**Your objective**
From the listing below, give again exactly the lines from the line with "Stainless Steel High" to the line with "LOUIS VUITTON（ルイ ヴィトン）LOUIS", ends included, without any pictures.

**Supplied data**
·····
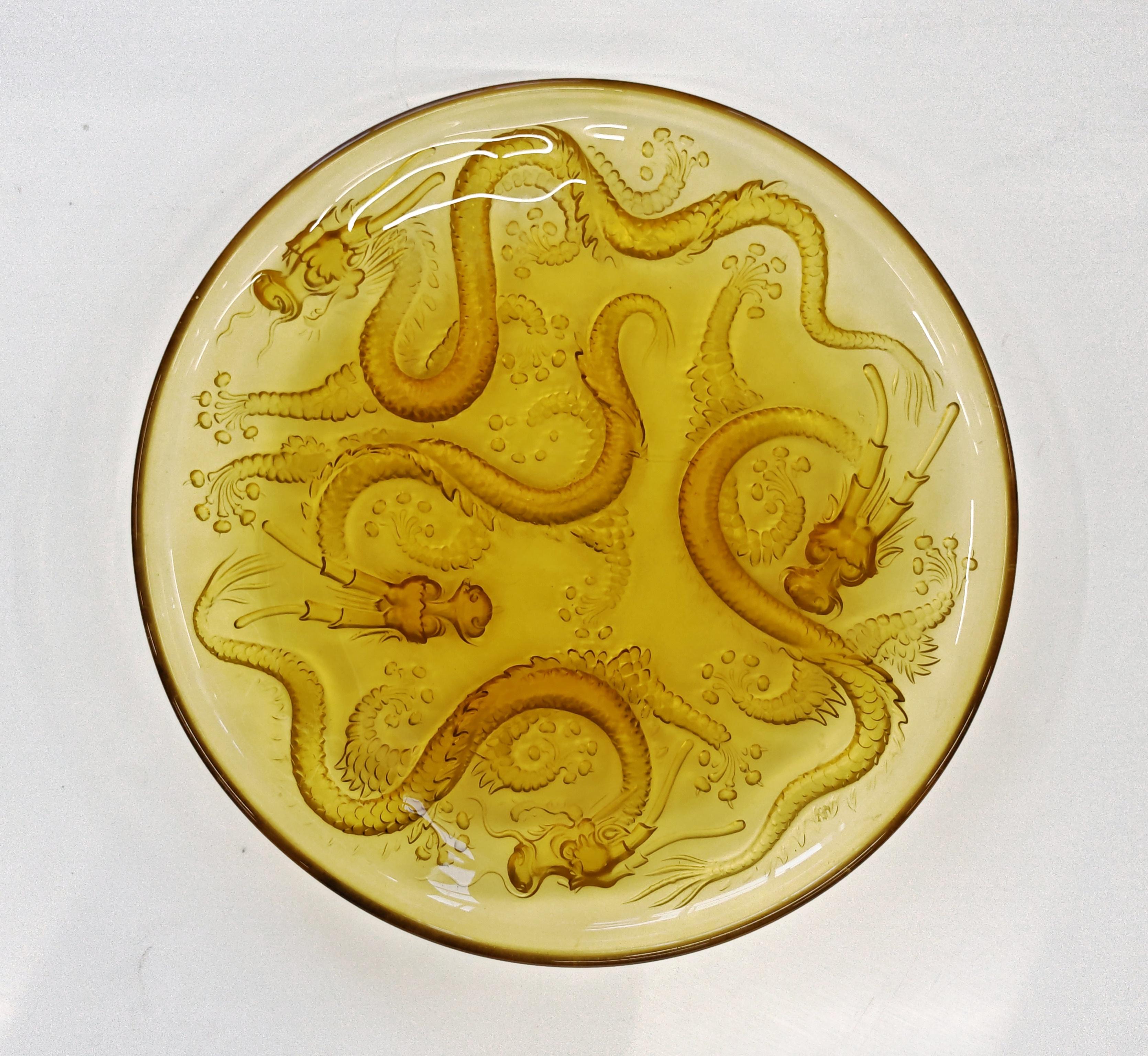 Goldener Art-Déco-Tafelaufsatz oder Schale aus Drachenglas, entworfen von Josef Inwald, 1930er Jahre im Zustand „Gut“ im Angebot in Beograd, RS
·····
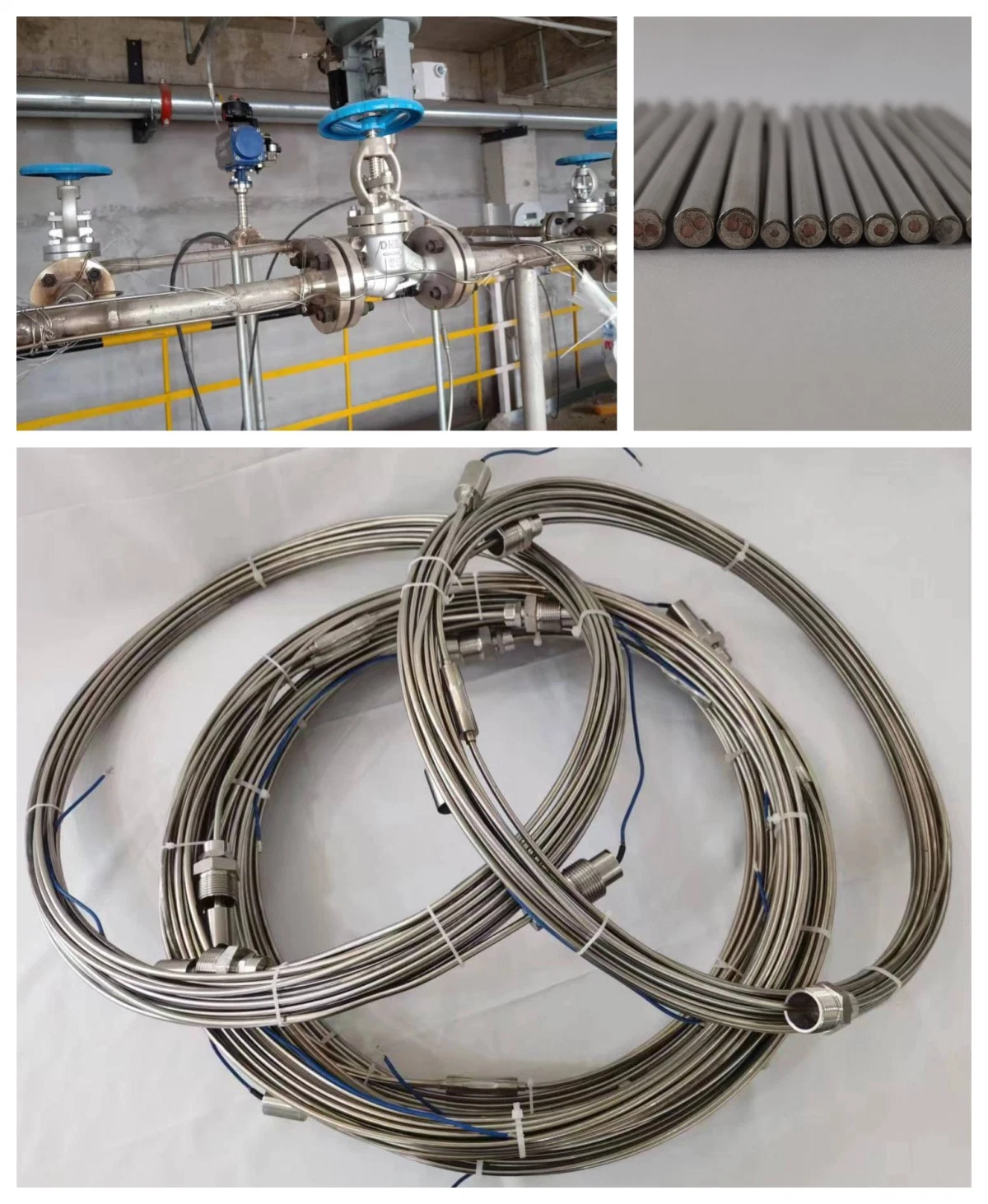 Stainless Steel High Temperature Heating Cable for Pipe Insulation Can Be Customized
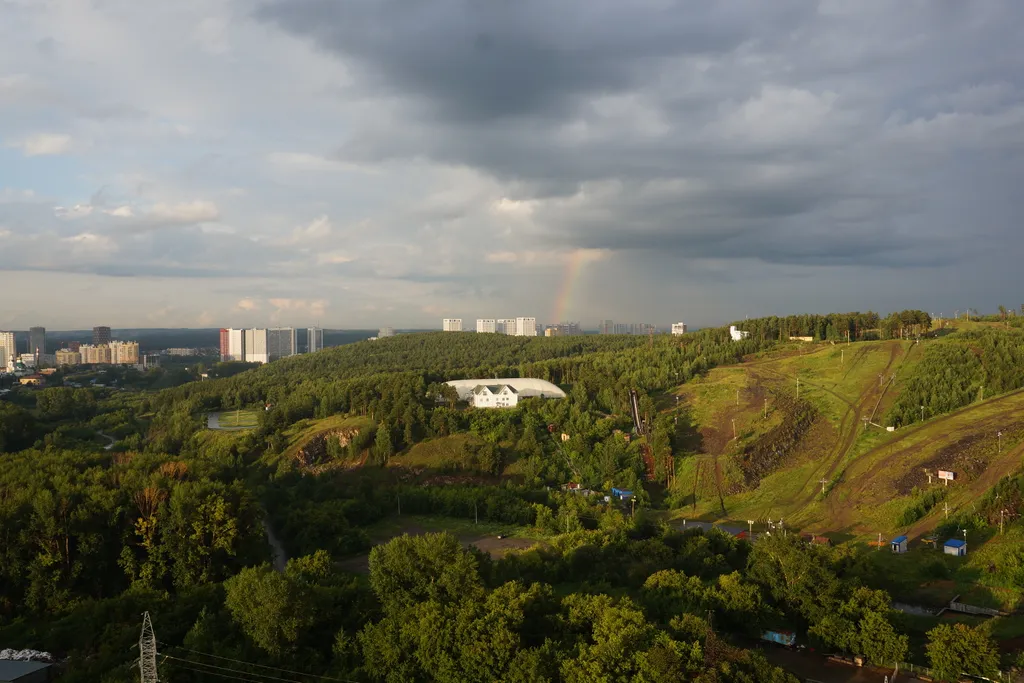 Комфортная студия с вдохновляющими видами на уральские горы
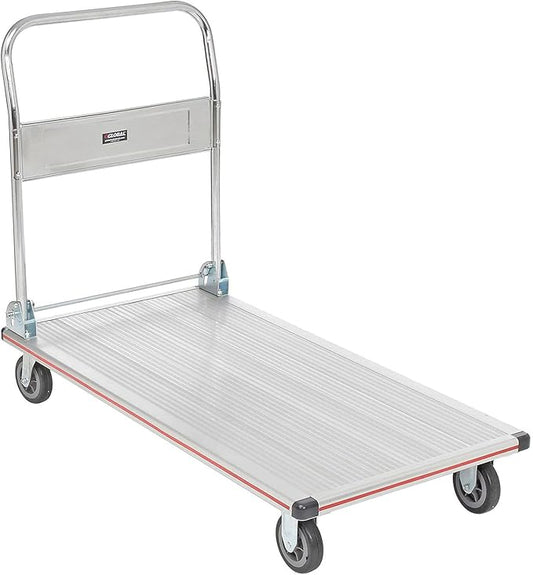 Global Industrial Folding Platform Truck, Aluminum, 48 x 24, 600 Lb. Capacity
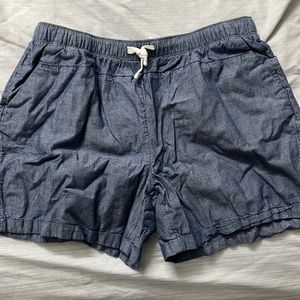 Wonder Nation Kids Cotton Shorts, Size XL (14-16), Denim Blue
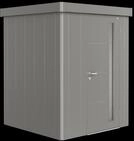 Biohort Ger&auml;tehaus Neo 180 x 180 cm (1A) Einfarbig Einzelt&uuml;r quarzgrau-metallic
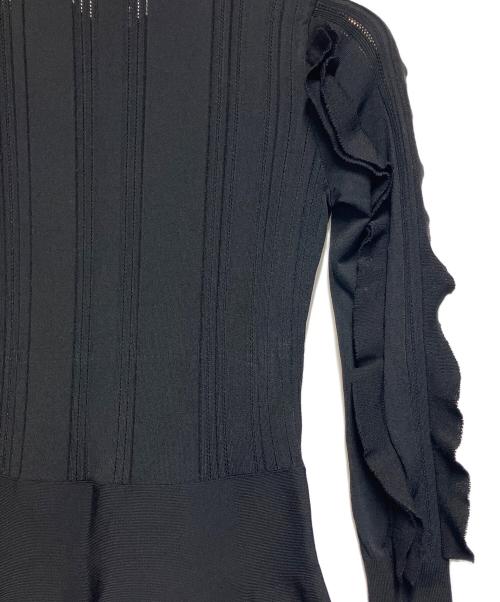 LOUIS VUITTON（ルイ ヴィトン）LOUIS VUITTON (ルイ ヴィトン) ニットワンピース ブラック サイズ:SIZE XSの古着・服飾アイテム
·····
**Problem solution**
 Stainless Steel High Temperature Heating Cable for Pipe Insulation Can Be Customized
 Комфортная студия с вдохновляющими видами на уральские горы
 Global Industrial Folding Platform Truck, Aluminum, 48 x 24, 600 Lb. Capacity
 Wonder Nation Kids Cotton Shorts, Size XL (14-16), Denim Blue
 Biohort Ger&auml;tehaus Neo 180 x 180 cm (1A) Einfarbig Einzelt&uuml;r quarzgrau-metallic
 LOUIS VUITTON（ルイ ヴィトン）LOUIS VUITTON (ルイ ヴィトン) ニットワンピース ブラック サイズ:SIZE XSの古着・服飾アイテム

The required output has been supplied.